Digital is the New Reality

We at Everest Group have been tracing the trends in the traditional arbitrage-first based model, which constituted 78 percent of the services marketplace. The arbitrage-first business shrank in the last 12 months. The rotation into new digital models is another factor. Where it’s applied, the digital business cannibalizes the arbitrage business and compresses that revenue by 30-40 percent. Also, digital revenues at this point are small. Digital models are primarily in the implementation phase; therefore, most projects are small in nature and most are located onshore at customers’ locations.

Because of the arbitrage decline and the change to digital models, service providers now have an excess number of employees for the first time since the global economic crisis and recession in 2008. As market realities have changed, India’s service providers are taking steps to adjust their business models. As digital models often require 30-40 percent fewer people to do the work, I think it would be surprising if they didn’t thin their labor pools as a necessary part of adjusting to the new realities and new business models!

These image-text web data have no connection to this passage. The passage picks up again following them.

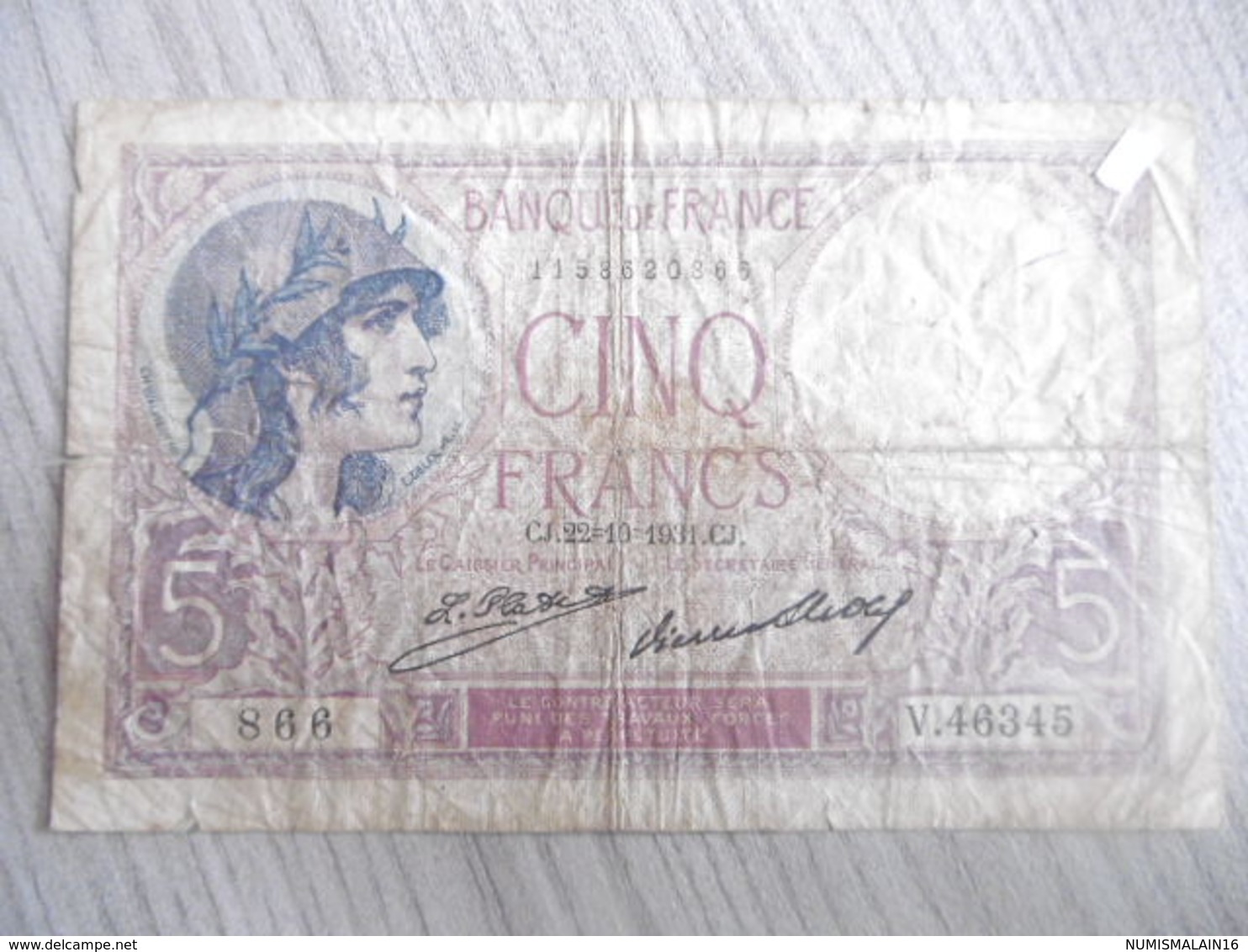 (CAISSE)-BILLET 5 FRANCS-VIOLET-22.10.1931-CIRCULE - 5 F 1917-1940 ''Violet''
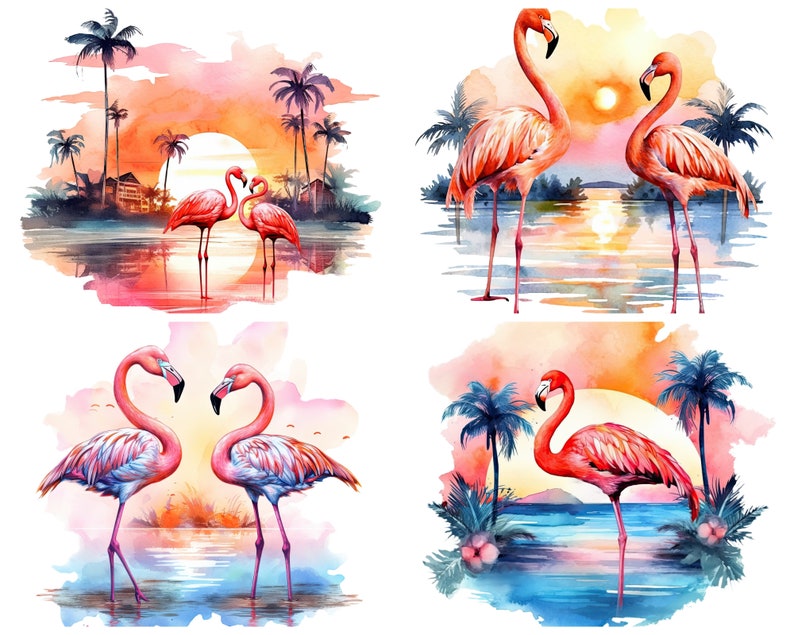 Flamingo Beach Sunset Clipart for Commercial Use, Watercolor Tropical Pink Flamingo Sublimation Designs, Ocean Sunset Png Instant Download image 8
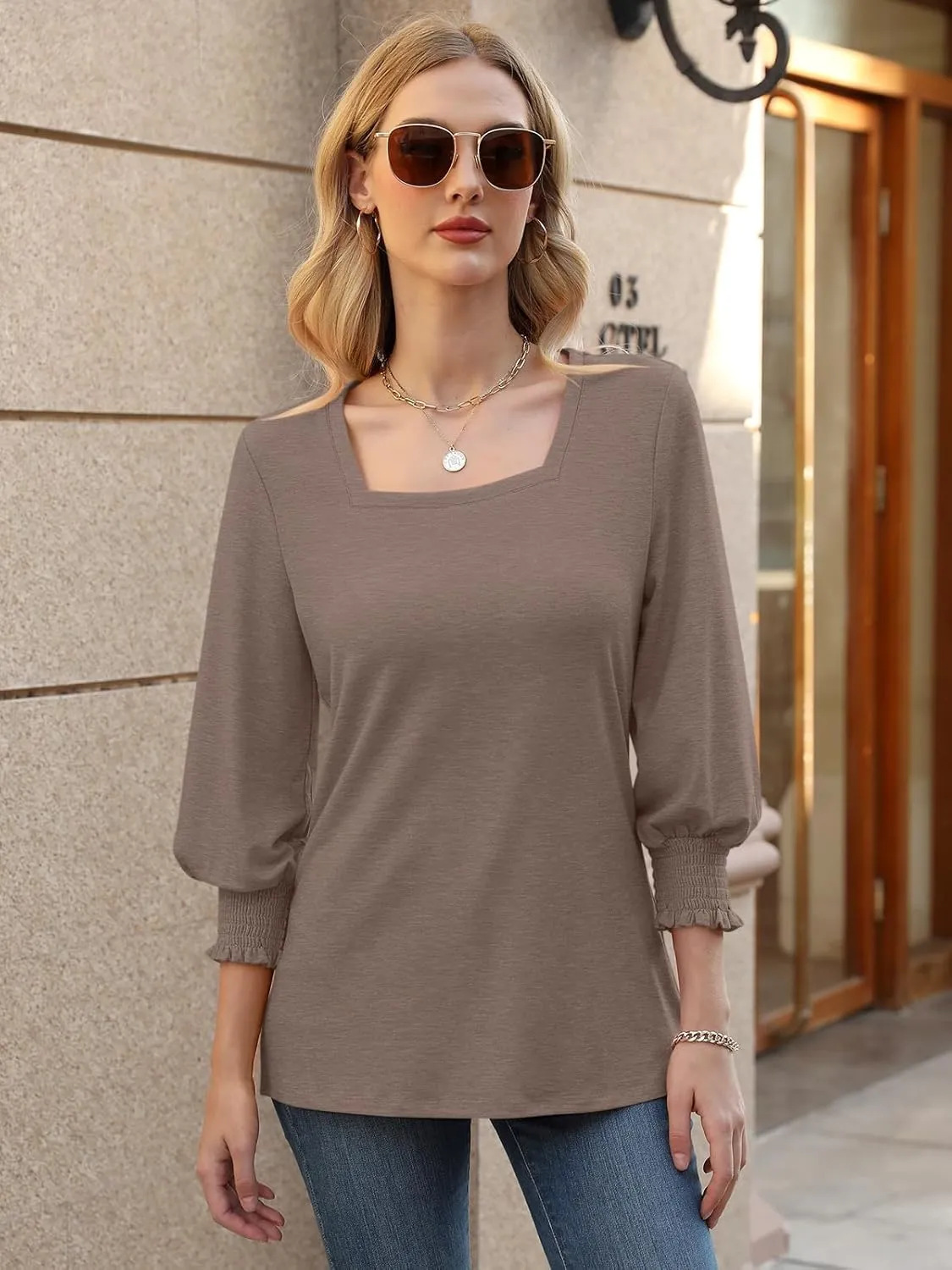 PGANDS Women's 3/4 Sleeve Tops Square Neck Spring Summer Casual Smocked Cuffs Shirts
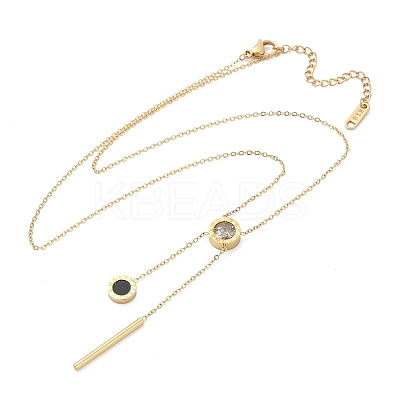 304 Stainless Steel Crystal Rhinestone Flat Round Pendant Y Necklaces NJEW-V001-03G-1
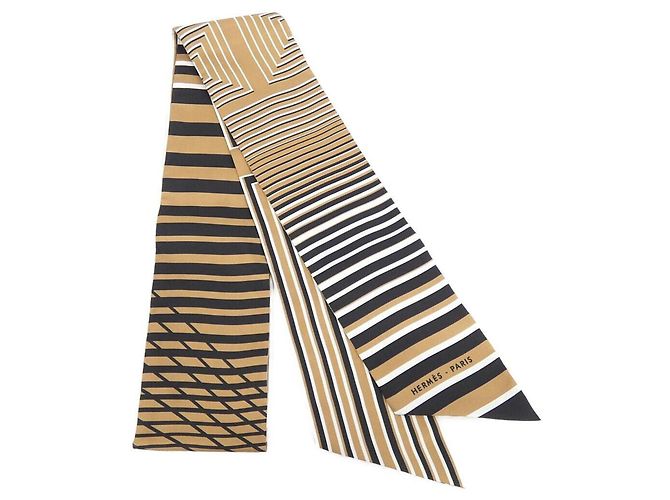 Hermès Maxi Twilly Slim Scarf Muffler Schwarz Weiß Kamel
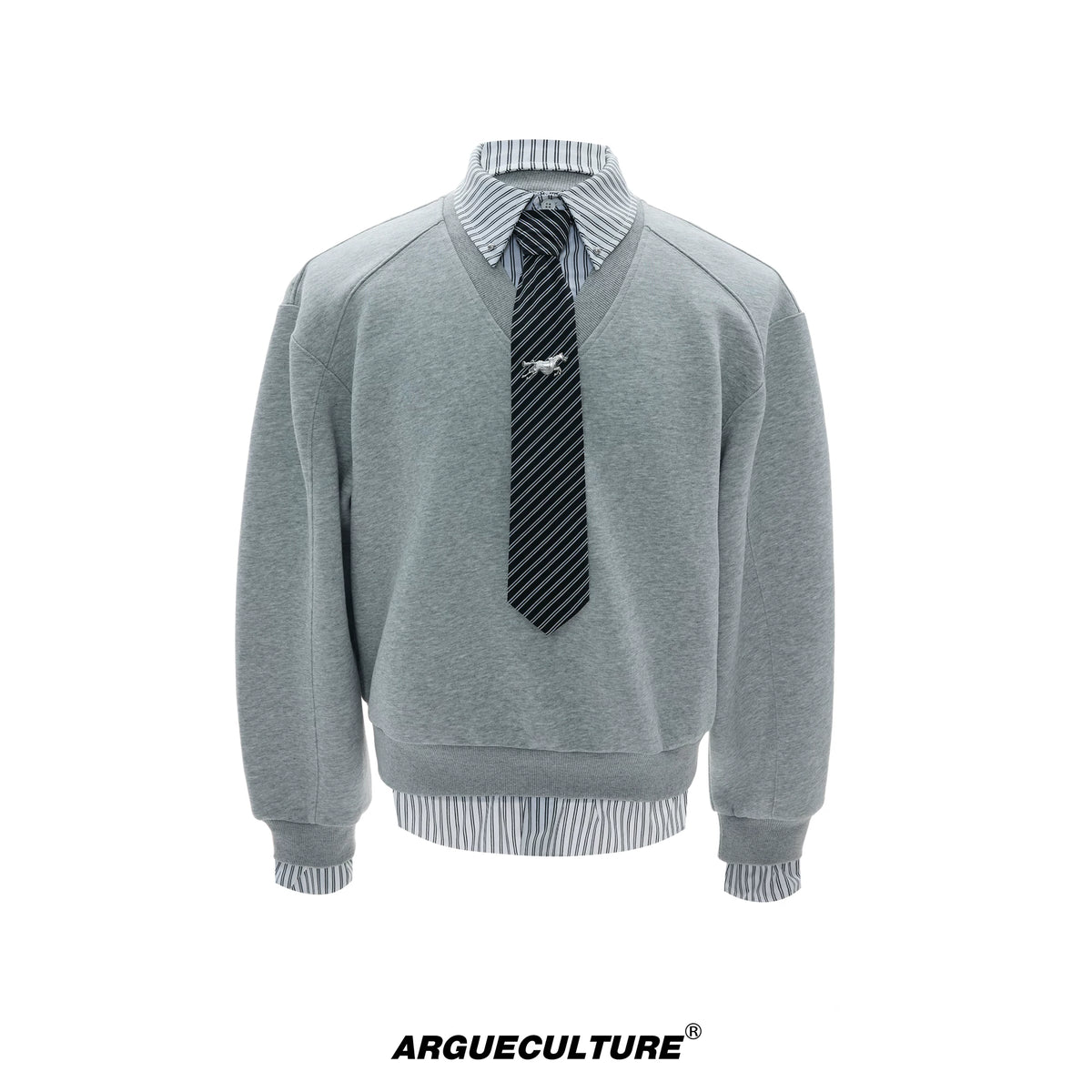 Striped Mock Two-Piece Polo Sweatshirt | Relaxed Fit - Gray Top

Talent Models are Out of Whack

But as I mentioned earlier, the providers are not just laying off workers. They’re also hiring. Their talent models are out of whack to be able to address digital work, which requires different skills and often needs to be done onshore where clients are located rather than offshore. Several are creating new jobs in onshore locations near their customers; Infosys, for instance, announced it is creating 10,000 jobs for US workers. Even in a digital world, the Indian providers need to maintain their pyramids (which rely on steady new hires of junior people) so they can keep their costs low.

Bottom Line for Indian Service Providers

India’s service providers are making difficult choices, including thinning their arbitrage-based talent pools. Thus, the layoffs are understandable and, indeed, necessary. It indicates organizations and an industry in transition and undergoing unaccustomed pain.

The service providers’ clients should view these developments as encouraging because the providers are taking the necessary steps to put digital talent in place. But the providers’ employees understandably experience trepidation as they face the new market realities with an increasingly uncertain future.